Something of an Anomaly
“This is certainly an interesting event and could give us some initial information on wolverines in Colorado,” said Rick Kahn, Terrestrial Section Manager for the CDOW. “But the occurrence of a single animal needs to be treated as somewhat of an anomaly.”
Image courtesy WCS
In 2008 and again in 2009, a lone male wolverine thought to be from a Rocky Mountain population was photographed by a remote-controlled camera in Tahoe National Forest of northern California.
“The single instances of male wolverines being documented in California during 2008 and now Colorado are encouraging,” said Shawn Sartorius of the U.S. Fish and Wildlife Service. “But it remains to be seen if females can make similar movements that would be required to establish populations.”

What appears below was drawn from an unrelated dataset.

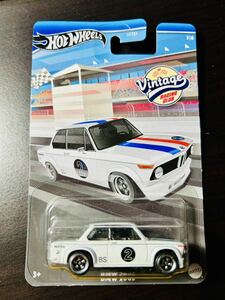 ホットウィール BMW 2002 ビンテージ レーシングクラブ HotWheels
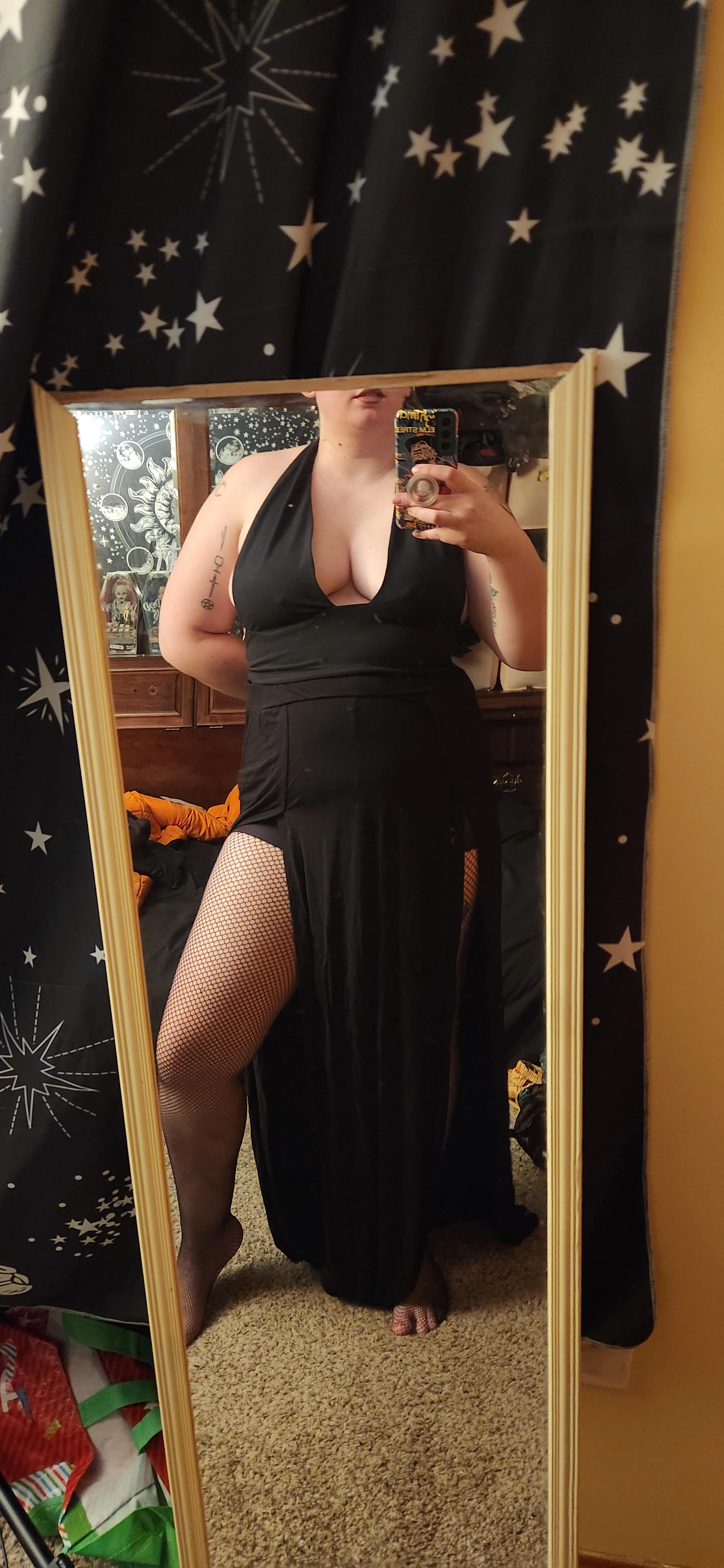 Does this dress make me look fuckable?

The dispersal of young wolverines from one mountain range to another where there are unrelated individuals is essential, according to WCS. “One of the reasons the researchers were tracking M56 was to understand which habitat features wolverines key-in on while dispersing across arid valley bottoms, many of which are under increasing pressure to be converted from ranchland to subdivision. Ultimately these data will help identify migration corridors and other habitats important for wolverine conservation.”
“A glimpse of one … becomes a moment that is not forgotten.”
“As a state with a source population of wolverine, Montana has adjusted wolverine management to be in line with these landscape-scale, multi-state objectives,” commented Brian Giddings with Montana Fish, Wildlife and Parks. “If we had the opportunity to make further progress toward collaborative wolverine management at this large scale, I could see using our sportsmen to help live-capture and restore the species to some of its former range. Then they could be part of a historical achievement for wildlife conservation in the U.S.”
said Robert Inman, director of WCS’s Greater Yellowstone Wolverine Program,”The great thing about wolverines is that almost everyone finds them interesting. They live in such rugged terrain and are so elusive that even the most weathered outdoorsmen have rarely caught a glimpse of one.
“When they do, it becomes a moment that is not forgotten.”